§ Stored items from a collection:
------

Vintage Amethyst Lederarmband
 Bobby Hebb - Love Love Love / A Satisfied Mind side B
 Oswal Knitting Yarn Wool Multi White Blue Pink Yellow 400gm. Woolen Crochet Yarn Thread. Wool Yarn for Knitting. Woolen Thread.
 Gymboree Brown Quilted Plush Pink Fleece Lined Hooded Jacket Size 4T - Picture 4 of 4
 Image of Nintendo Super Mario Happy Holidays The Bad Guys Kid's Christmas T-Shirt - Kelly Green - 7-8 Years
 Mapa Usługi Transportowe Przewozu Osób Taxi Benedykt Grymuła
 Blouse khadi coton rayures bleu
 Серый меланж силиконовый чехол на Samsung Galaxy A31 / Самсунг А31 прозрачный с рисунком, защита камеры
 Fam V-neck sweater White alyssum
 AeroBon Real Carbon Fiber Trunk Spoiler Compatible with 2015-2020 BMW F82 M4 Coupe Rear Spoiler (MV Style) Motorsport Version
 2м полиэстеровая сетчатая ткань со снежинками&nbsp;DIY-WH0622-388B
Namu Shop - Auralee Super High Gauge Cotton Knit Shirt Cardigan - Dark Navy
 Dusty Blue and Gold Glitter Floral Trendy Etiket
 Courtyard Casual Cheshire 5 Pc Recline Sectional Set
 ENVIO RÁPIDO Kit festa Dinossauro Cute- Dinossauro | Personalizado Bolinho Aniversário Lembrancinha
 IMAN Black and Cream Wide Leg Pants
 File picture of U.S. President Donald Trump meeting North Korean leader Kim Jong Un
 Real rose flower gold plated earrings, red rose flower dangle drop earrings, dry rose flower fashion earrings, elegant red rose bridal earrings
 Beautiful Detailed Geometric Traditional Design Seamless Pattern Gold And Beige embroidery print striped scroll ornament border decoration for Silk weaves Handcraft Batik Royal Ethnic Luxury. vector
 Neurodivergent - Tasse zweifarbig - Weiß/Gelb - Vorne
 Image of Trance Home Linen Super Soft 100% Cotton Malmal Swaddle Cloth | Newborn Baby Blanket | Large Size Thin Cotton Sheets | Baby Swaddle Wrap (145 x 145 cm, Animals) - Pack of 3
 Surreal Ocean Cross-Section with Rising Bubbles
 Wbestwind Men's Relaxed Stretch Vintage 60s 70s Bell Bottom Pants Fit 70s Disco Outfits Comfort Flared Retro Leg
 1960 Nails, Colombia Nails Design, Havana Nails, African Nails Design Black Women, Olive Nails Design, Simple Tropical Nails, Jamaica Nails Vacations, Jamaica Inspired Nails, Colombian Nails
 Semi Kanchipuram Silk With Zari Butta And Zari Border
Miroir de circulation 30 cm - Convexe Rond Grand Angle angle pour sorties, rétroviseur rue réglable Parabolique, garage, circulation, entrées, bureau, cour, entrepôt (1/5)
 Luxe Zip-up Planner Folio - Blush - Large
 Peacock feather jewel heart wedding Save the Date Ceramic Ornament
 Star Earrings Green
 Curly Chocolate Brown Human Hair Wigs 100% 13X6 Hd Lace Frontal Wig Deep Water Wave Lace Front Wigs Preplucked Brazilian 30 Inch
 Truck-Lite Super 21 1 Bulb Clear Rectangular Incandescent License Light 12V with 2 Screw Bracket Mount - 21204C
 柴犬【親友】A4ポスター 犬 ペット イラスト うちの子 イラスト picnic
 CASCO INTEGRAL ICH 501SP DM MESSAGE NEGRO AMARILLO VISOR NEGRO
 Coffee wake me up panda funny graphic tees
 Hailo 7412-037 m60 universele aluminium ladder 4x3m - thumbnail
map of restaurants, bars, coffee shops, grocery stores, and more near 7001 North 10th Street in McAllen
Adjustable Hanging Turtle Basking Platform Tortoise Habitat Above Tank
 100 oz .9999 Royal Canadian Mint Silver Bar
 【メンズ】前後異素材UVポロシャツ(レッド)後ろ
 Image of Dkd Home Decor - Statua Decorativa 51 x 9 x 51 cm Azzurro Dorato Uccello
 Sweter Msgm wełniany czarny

------

§ THE PROBLEM: Report each line in the data above that holds the word "Silk" by copying it.

§ RESPONSE BOX:
 Beautiful Detailed Geometric Traditional Design Seamless Pattern Gold And Beige embroidery print striped scroll ornament border decoration for Silk weaves Handcraft Batik Royal Ethnic Luxury. vector
 Semi Kanchipuram Silk With Zari Butta And Zari Border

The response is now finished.